These websites use different forms of media to provide information to the public. Dr. Jiang showed me on one for the government sites how the Chinese government even opened up “Q&A” forums where anyone can ask public questions concerning just about anything involving federal policy... Whether or not these questions would be published is still up to the filtration of the government.

Layer 2. Government-Regulated Commercial Spaces
Control percentage, 75%

This space incorporates the best part of the internet: entertainment! Included in this space’s content is music, instant messaging, news, search engines, online videos, and gaming, so the users, or “netizens,” are usually younger.

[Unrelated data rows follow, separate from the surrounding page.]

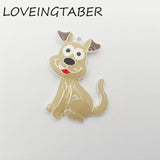 10pcs/lot Enamel Farm Animal Dog Pendants for Kids Jewelry Making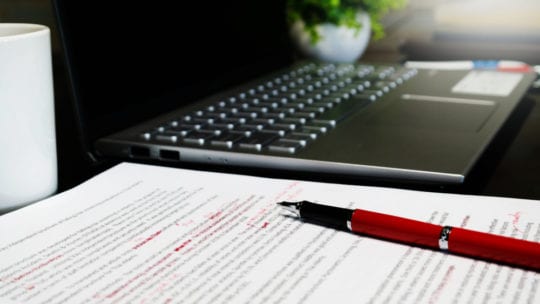 editing, red pen, laptop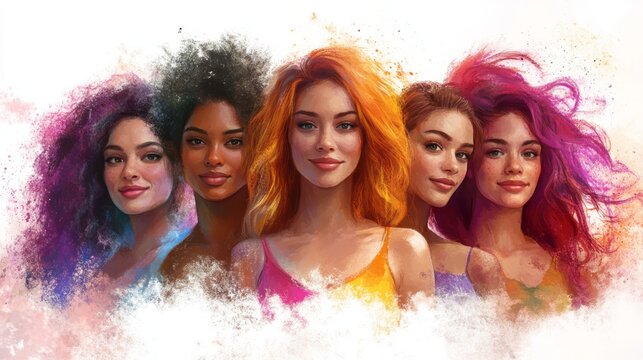 A vibrant group of five women with diverse hairstyles and skin tones, standing together with bright smiles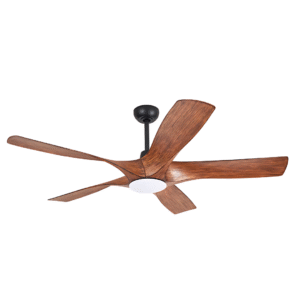 a brown smart ceiling fan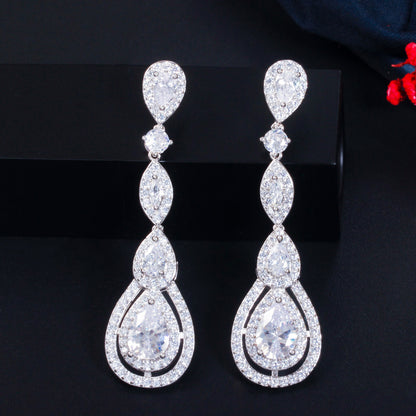 1 Pair Elegant Water Droplets Plating Inlay Copper Zircon White Gold Plated Rhodium Plated Drop Earrings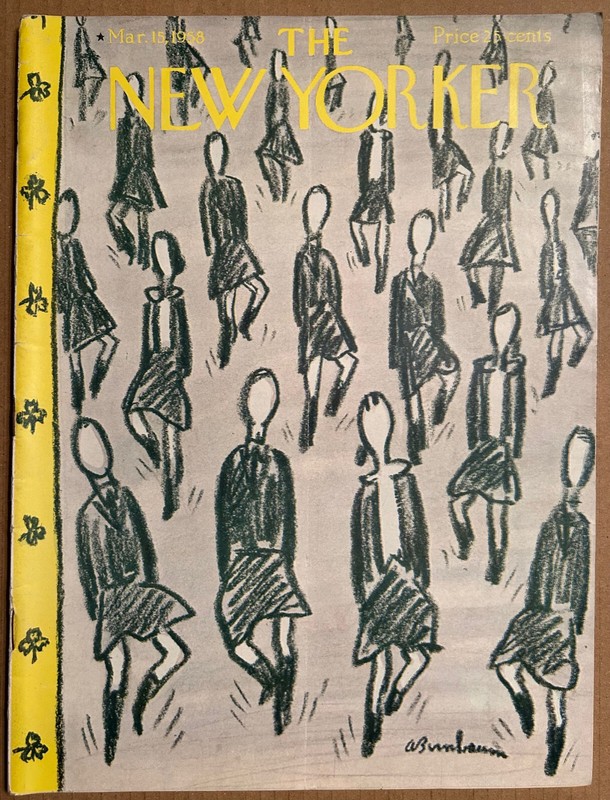 The NEW YORKER Magazine Mar. 15, 1958. Birnbaum cover. Stanley Kunitz, Shaplen.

Although entertainment companies usually run these spaces, they are still subject to the filtration regulations of the Chinese government. However, because of the massive number of users in this space, filtration of all content is pretty much impossible. Netizens also use words that sound similar to the filtered words, or contextual references to get a point across without actually going against the filters in place. For example, after the protests of Tiananmen square, the Chinese government would not allow any pictures to be posted on the web concerning the incident. So netizens got creative. They took the famous “Tank Man” picture where a protestor stood in front of 4 tanks and halted their movement, and replaced the tanks with large yellow rubber ducks and posted this picture on Weibo, China’s version of Twitter.

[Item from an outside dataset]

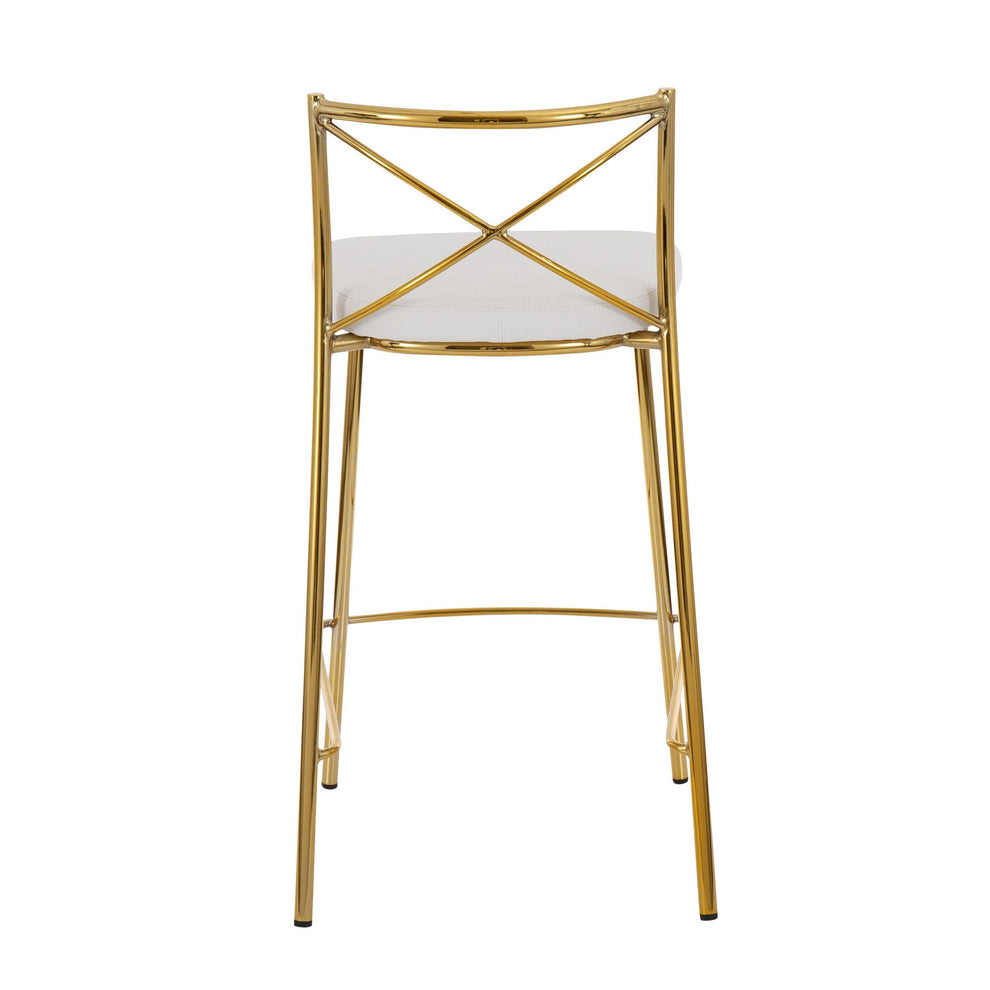 Modern Charlotte Counter Stool - Set of 2 Gold Metal, White PU By LumiSource | Counter Stools | Modishstore - 6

This not only allowed for this picture to be posted without being pulled by the great firewall, it also mocked the Chinese government. So then China had to filter out anything concerning ducks. See the problem?

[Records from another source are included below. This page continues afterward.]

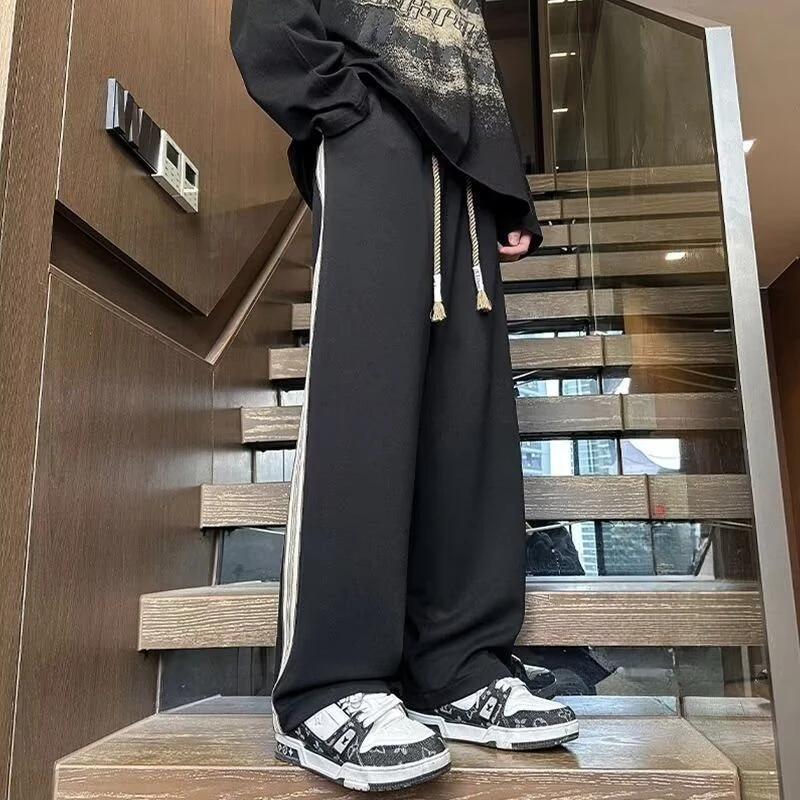 Best Selling American Style Straight Leg Casual Sports Pants for Teens Spring Summer Striped Design​ Sweatpants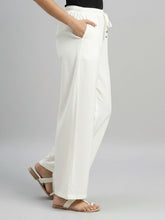 Load image into Gallery viewer, Go Colors Cream Viscose Blend Linen Palazzos
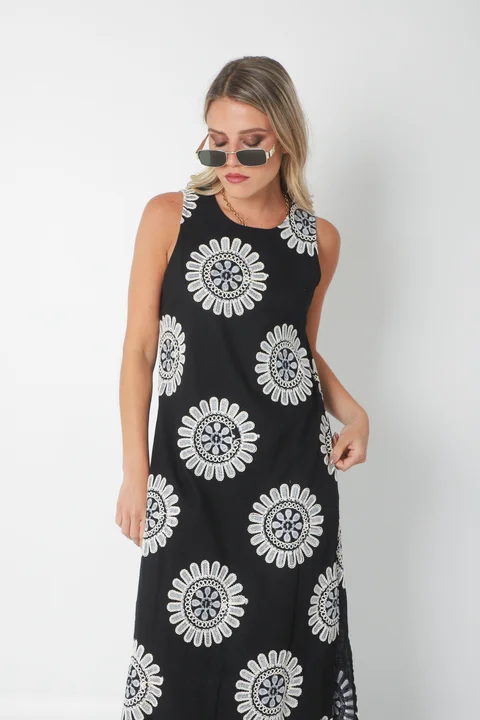 Vestido CIRUS Lino Bordado c/ Bolsillos GU250109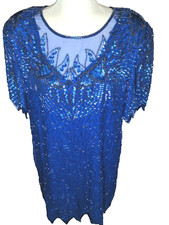 VTG Denise Elle 100% Silk Beaded Dress Womens 2X Blue Cocktail Formal Evening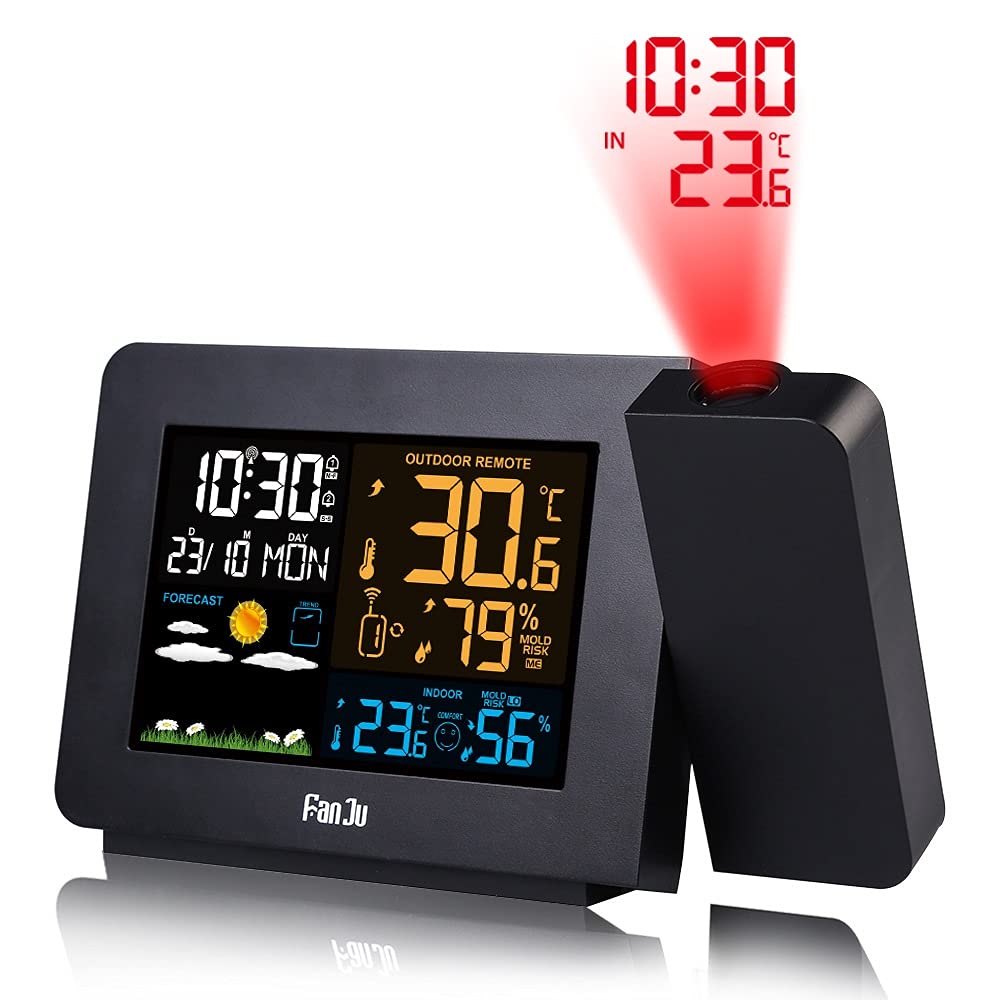 Stazioni Meteo Sveglia di proiezione con sensore Esterno, Stazione meteorologica Personale, previsioni del Tempo Dimmable Dual Alarms LCD. Visualizza la Data dell'umidità della Temperatura Ora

Layer 3. Emergent Civic Spaces

Control percentage, 50%

This is the space that hosts most debate regarding things independent of the state and market. Mostly civic organizations, including those involved in business, environment, women’s issues, social services, health, and community development, exist here, but some cultural and religious organizations hold a presence as well. In this space these organizations discuss and coordinate ideas and actions around collective interests. Mother’s Choice, a non-profit organization that offers support to small children, teens, and women who are in need of care, counseling, or shelter as a result of unintentional pregnancies or other domestic conflicts, is an organization that would fall into this category.

These spaces sound useful, but if Congress has taught us anything, debate isn’t exactly progressive. That, coupled with the fact that this space only makes up roughly 1 percent of the current domains, makes the practical application of these spaces pretty unrealistic. However, these civic spaces are continuing to expand.

Layer 4. International Deliberation Spaces
Control Percentage... China doesn’t want to talk about it.

This space is home to “bridge bloggers,” or bloggers who are bilingual or multilingual and use this ability to bridge cultures and bring international interest to the realities of the Chinese people.

This space includes social media sites such as Facebook and Wiebo and is dangerous for the Chinese government because it brings forth problems that are usually filtered by the great firewall and bring attention to the suppressive censorship of the Chinese government.

Now imagine a room full of people, and then try to make sure none of those people say the word “onion.” Now imagine some people start saying “Allium cepa” instead of actually saying onion. Now turn that room into a country with the highest population and then sit down, because it’s impossible.

According to Dr. Jiang, this is the problem China is facing today. With computers, mobile devices, and other technology giving netizens the ability to access to the internet almost anywhere China seems to be losing the once great grip over content that they used to have.

China has started to allow small amounts of public discussion on economic, social, and political affairs, which seems to have put China somewhere in democratic totalitarian limbo. However, without these controlled “freedoms,” netizens wouldn’t have the ability to release negative thoughts towards the government and would become even more of a political risk than they already are.